A quarter of a million Somalians have been forced to flee their homes so far this year because of drought, conflict and insecurity, according to a report released by the Norwegian Refugee Council (NRC) on Tuesday.
“Thousands of Somali people are caught in a vicious cycle,” said Victor Moses, country director for the NRC in Somalia, adding that the strain is “pushing families over the edge”.
The United Nations has requested 1.08 billion dollars in aid for the east African country in 2019, making it one of the largest crises in the world, the report said.
“Somalia’s crisis is a perfect storm of natural and human-made factors and is rapidly worsening,” Moses said.
Some people are being forced by drought to flee to overcrowded camps in cities in order to find sustenance, while others are being displaced by conflict, the report said.

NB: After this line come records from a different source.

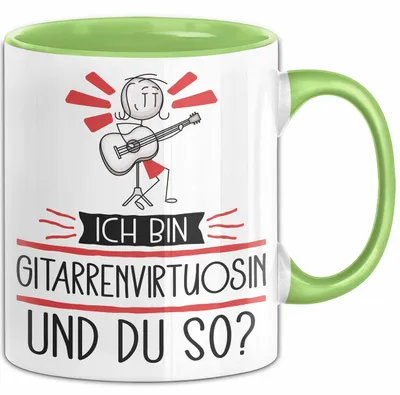 Produktbild von Gitarrenvirtuosin Tasse Geschenk Ich Bin Gitarrenvirtuosin Und Du So Geschenkidee Lustiger Spruch Becher (Grün)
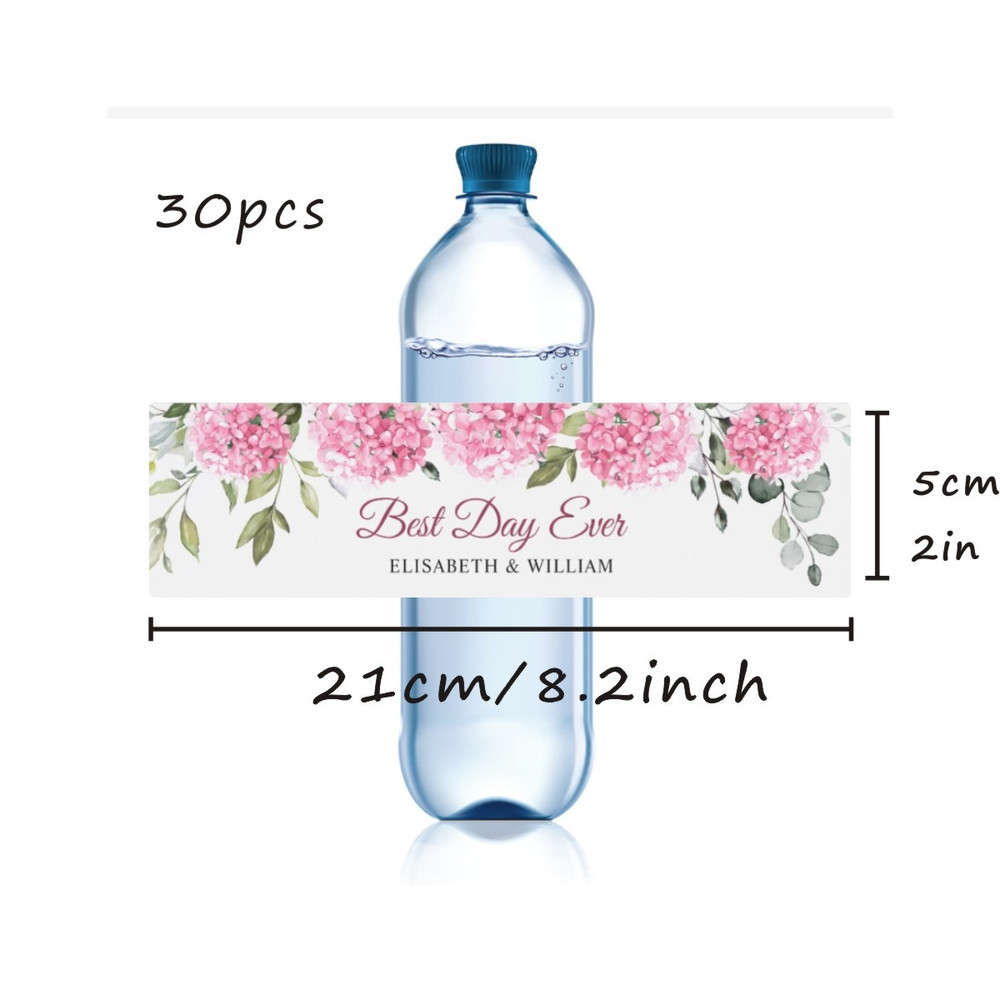 Modern Wedding Water Bottle Label, Wedding Favor Label, Personalized Wedding Water Bottle Label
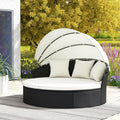 sofá cama, GIANTEX, para Exterior, Tumbona de Jardín, Redondo de Ratán con Toldo Plegable, Incluye Cojines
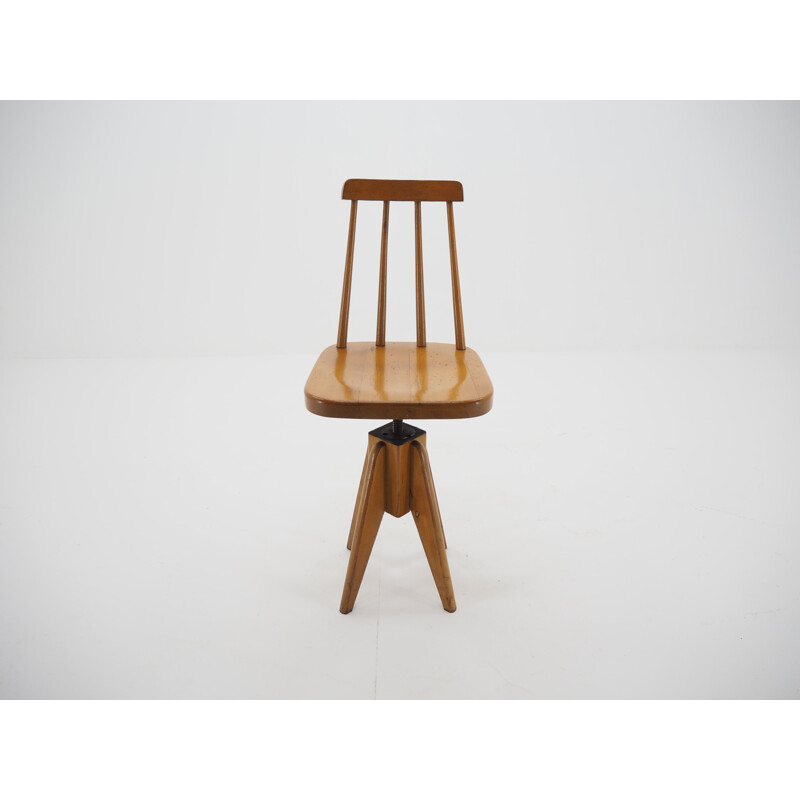 Vintage Wood Chair Czechoslovakia 1970s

Somali security forces, backed by international partners, are fighting the Islamist Al-Shabaab group which regularly launches attacks on government buildings, hotels and restaurants in the volatile nation in the Horn of Africa.
Along with the NCR, the Save the Children organization has also called for a significant increase in funds for life-saving measures in Somalia.
According to the UN refugee agency (UNHCR), over 870,000 Somali refugees are in the Horn of Africa and Yemen, while an estimated 2.1 million men, women and children are displaced within Somalia itself.